Cities are key organizations in urban sustainability transitions. These transitions are multi-actor, multitemporal and multi-regime societal transformations coordinated by the city (Frantzeskaki et al., 2017). Niches that can instigate transitions in urban areas include urban living labs (ULL), in which sustainability innovations are created and experimented in collaboration between the city, companies, citizens, research institutes and other actors (Jørgensen, 2012, von Wirth et al., 2019). The transition accelerates when the niche innovations are translated and scaled up within and across cities to increase their transformative capacity. When they challenge the unsustainable regimes with the support from incumbent actors, they can gradually turn urban development into more sustainable pathways (Frantzeskaki et al., 2017). We recognize that sustainability transition in cities requires attention to two parallel directions. First, while cities are expected to be enablers of ULLs and the main leaders of urban sustainability transitions, they are not unitary actors, but rather divided into siloed bureaucratic departments in city administration. Each department tends to defend its own interests, conventional mindset, and budgetary status quo, and if these fragmented interests and practices are not aligned with the promotion of sustainability transitions, the city administration will lack the motivation to support multi-objective ULL projects and their continuities. Second, because experiments and projects are central to ULLs and essential to wider urban policy agendas for sustainability, it is questionable whether these short-term activities can support the long-term trajectories required for urban sustainability transitions (Torrens & von Wirth, 2021). While only the second challenge is in the focus of sustainability transitions research, the challenges are independent and create a dual-context problem in which a city organization has both internal and external barriers that hinder the promotion of urban sustainability transition.

Conclusions

Urban sustainability transitions that involve changes both in city organizations and the urban context represent a topical yet sparsely researched subject. By using project-as-practice approach and based on in-depth longitudinal action research to study a sustainability transition project in a city organization this research elucidates the ways in which a project enacts a dual role as both a niche intermediary in the urban context and an endogenous change facilitator within the city organization. Thus, the temporary short-term project increases the city organization’s transformative capacity to strengthen the city’s role as a leader in urban sustainability transitions in the long term. We show that the project practitioners’ enactment of sustainability transition in situated and emergent practices created favourable conditions for people to engage in sustainability change, challenged organizational boundaries and created commitment to sustainability transition across departments. This is evidence that the praxes in a sustainability project constitute and instantiate a macro-level sustainability change in the internal organizational context and the external ULL context.

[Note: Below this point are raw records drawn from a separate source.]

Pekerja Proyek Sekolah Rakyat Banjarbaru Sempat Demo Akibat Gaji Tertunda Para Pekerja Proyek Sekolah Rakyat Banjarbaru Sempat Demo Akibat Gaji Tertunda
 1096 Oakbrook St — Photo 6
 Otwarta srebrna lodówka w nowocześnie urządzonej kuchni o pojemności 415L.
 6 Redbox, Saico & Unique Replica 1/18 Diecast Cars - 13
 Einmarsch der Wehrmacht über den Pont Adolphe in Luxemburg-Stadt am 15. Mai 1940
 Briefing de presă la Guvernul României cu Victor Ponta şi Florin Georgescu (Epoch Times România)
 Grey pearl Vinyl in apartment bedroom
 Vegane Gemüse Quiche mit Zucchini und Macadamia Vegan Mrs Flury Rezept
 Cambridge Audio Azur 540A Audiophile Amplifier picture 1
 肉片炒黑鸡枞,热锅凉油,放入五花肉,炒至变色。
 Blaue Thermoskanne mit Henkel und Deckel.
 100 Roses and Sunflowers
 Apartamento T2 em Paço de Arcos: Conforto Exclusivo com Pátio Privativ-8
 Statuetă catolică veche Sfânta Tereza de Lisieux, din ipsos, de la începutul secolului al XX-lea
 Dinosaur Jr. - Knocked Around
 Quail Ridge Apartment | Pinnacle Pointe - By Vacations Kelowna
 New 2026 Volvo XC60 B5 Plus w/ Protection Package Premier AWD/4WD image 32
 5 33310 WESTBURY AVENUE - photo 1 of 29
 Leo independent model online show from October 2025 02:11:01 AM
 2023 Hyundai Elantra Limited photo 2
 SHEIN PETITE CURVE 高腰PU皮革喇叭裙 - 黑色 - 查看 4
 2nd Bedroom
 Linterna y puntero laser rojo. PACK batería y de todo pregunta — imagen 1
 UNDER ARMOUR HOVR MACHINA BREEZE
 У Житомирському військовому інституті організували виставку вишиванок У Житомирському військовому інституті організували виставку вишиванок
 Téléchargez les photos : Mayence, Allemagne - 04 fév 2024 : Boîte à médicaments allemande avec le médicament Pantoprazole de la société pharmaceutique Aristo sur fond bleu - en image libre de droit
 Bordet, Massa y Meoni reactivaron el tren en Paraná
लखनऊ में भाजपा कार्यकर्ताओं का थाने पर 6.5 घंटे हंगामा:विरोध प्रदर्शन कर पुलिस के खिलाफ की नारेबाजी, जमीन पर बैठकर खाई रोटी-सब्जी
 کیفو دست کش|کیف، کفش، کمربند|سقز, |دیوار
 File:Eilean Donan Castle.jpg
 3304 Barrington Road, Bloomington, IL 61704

The results of this paper have theoretical implications for the ongoing discussion of the roles of projects in sustainability transitions (Daniel, 2022; Winch, 2022; see also Winch et al., 2023). Daniel (2022) and Winch (2022) emphasize that projects with their teams and individuals are necessary on the level of technical execution, whereas host organizations promote the transition on the meso‑level through projects, portfolios, and programs. In terms of key aspects of project management (Pich et al., 2002), this division is based on instructionism (project using detailed, directive project planning and risk management) and selectionism (host organization putting several projects to work and then selecting the most promising results).